Therefore, it will be the first part I change. I need recommendations for good PSUs under £80 that would handle future upgrades -

Overclocked FX 8350
2 x SSDs
2 x HDDs
1 x BluRay
GTX 670 or HD 7970
5 x LED Fans
2 x 8gb DDR 3 Sticks

Any help would be much appreciated. Amazon UK or ebuyer would be my etailers of choice.


----------



## JrRacinFan (Nov 28, 2012)

I hope the ram is DDR3 and not 3 kits of 2x8GB DDR (just kidding)

Looks good my friend. Corsair or Seasonic 650W or above would be plenty. 750W or above for future. Also 1 bigger SSD would be fine.


----------



## TheMailMan78 (Nov 28, 2012)

Get a better PSU ASAP. Skip the SSD for now. Don't go cheap on the PSU. All those goodies will be a garbage if a cheap PSU frys them.


----------



## XL-R8R (Nov 28, 2012)

Corsair TX750M 750W Modular PSU | Ebuyer.com


Link for you, Sir.


----------



## TheMailMan78 (Nov 28, 2012)

XL-R8R said:


> Corsair TX750M 750W Modular PSU | Ebuyer.com
> 
> 
> Link for you, Sir.



No. Get a Seasonic or something with low ripple.


----------



## PatoRodrigues (Nov 28, 2012)

Welcome!

What a bargain there... nice machine for the price.

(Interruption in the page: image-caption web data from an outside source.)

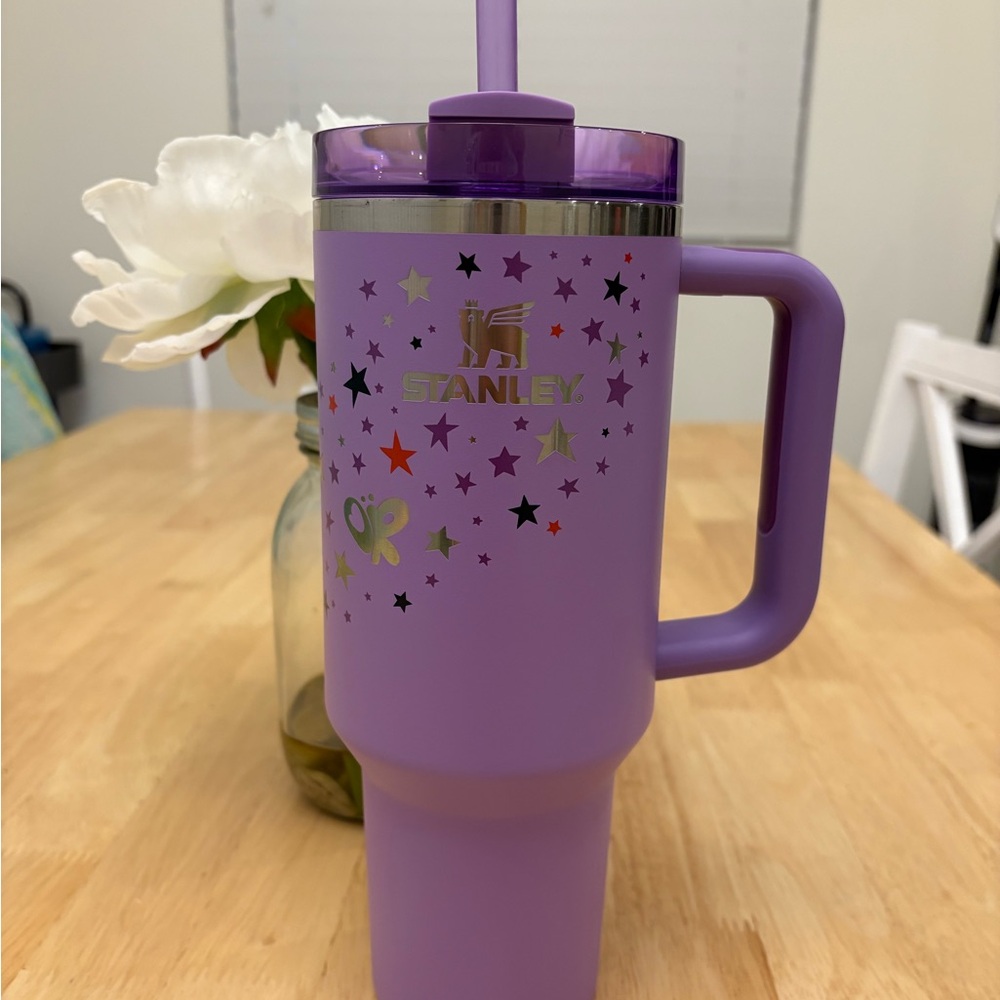 💜 Olivia Rodrigo Stanley 40oz 💜 - Picture 2 of 8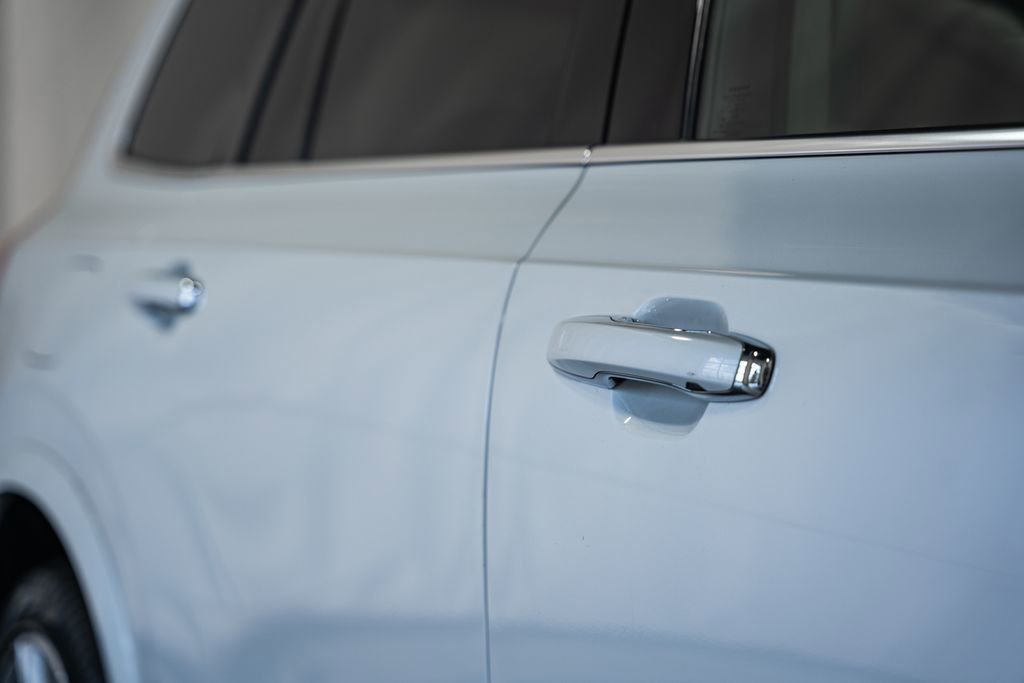 Used 2017 Volvo XC90 T8 Inscription w/ Luxury Package image 16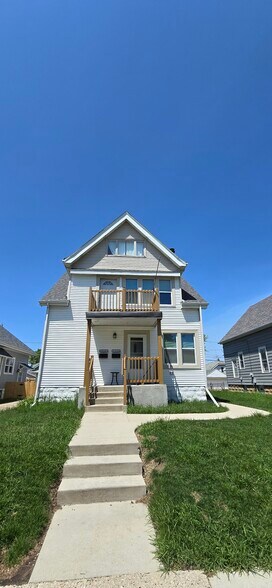 Building Photo - 3834 E Edgerton Ave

Really, a SSD would be fantastic for your rig. But i think you should get a better PSU because you must protect all of your investments. 

I'm just throwing it out, but OCZ Vertex 4 prices are dropping and are great SSD's. Would be a really nice upgrade. 

If you don't mind, i'll give you a air cooler suggestion: EVGA Superclock (i think it's compatible with AM3+...)


----------



## ...PACMAN... (Nov 28, 2012)

Its the only thing I'm buying initially, those other parts are just prospective upgrades that I would like the PSU to handle when the time comes and yes I realise the importance of the PSU.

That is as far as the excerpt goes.